“Oh, it’s a cigar box with a candle in it,” said Sammy. “It’s a dandy. I’ll get it.”
He hurried out of the cellar, and Tess and Dot waited for him up in the open, for the little girls did not like to stay in the gloomy place when they were not busy with their treasure hunting.
Sammy’s lantern, manufactured as he had said, out of a cigar box, with a hole cut in the lid and a square of glass set in, was not a half-bad illuminant. It gave fitful gleams down in the cellar, and, not much to the amusement of the children, cast fantastic shadows on the whitewashed walls.
“Now we’ll go away back where the dirt is soft and get the buried treasure,” said Tess.
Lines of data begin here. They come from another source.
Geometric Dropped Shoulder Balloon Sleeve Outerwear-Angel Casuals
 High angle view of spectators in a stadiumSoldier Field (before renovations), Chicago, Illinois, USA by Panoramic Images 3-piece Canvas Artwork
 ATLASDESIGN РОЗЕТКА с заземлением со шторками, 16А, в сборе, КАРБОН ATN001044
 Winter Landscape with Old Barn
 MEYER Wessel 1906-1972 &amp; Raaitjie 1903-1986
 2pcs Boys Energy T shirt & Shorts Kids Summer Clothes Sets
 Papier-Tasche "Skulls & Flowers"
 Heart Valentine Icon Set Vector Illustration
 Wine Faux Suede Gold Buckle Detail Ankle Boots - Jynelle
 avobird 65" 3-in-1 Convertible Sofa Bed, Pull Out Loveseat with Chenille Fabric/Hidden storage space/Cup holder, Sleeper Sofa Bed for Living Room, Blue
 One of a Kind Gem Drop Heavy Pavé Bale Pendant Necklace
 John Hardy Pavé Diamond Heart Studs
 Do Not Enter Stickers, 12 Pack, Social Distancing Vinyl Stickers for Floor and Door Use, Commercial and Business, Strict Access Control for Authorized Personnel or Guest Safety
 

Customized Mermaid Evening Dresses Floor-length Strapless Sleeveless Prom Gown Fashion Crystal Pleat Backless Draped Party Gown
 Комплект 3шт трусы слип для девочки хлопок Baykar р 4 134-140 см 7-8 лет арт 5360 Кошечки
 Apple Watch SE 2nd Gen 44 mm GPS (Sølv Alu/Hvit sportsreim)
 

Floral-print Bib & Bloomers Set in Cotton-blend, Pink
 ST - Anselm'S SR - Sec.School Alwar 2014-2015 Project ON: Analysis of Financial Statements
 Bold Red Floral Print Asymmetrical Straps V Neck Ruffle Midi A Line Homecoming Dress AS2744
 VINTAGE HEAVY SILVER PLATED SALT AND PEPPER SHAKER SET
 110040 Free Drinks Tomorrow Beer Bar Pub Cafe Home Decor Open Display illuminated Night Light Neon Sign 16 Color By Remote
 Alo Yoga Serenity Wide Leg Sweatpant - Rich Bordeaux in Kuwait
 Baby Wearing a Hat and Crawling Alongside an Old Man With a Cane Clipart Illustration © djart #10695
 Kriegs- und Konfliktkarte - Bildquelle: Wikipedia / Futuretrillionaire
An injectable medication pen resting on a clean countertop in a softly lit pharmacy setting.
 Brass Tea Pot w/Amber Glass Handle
And into the gloomy depths the children advanced, rather hesitatingly and with more than one glance back over their shoulders, it is true.
Meanwhile the older Corner House girls and Nally and their boy friends were enjoying themselves on the automobile trip. They went to a summer resort where there was a small lake, and soon were floating about in idle pleasure, a couple in each of three boats.
“Beautiful here, isn’t it?” asked Luke of Ruth. The boat was slowly drifting, beneath an overhanging arch of green branches.
“Very,” she agreed. “But——”
“But me no buts,” he quoted, laughingly. And then, as he noticed that she was rather serious he added: “I’ll double the proverbial penny.”
“For what?” she asked, hardly comprehending.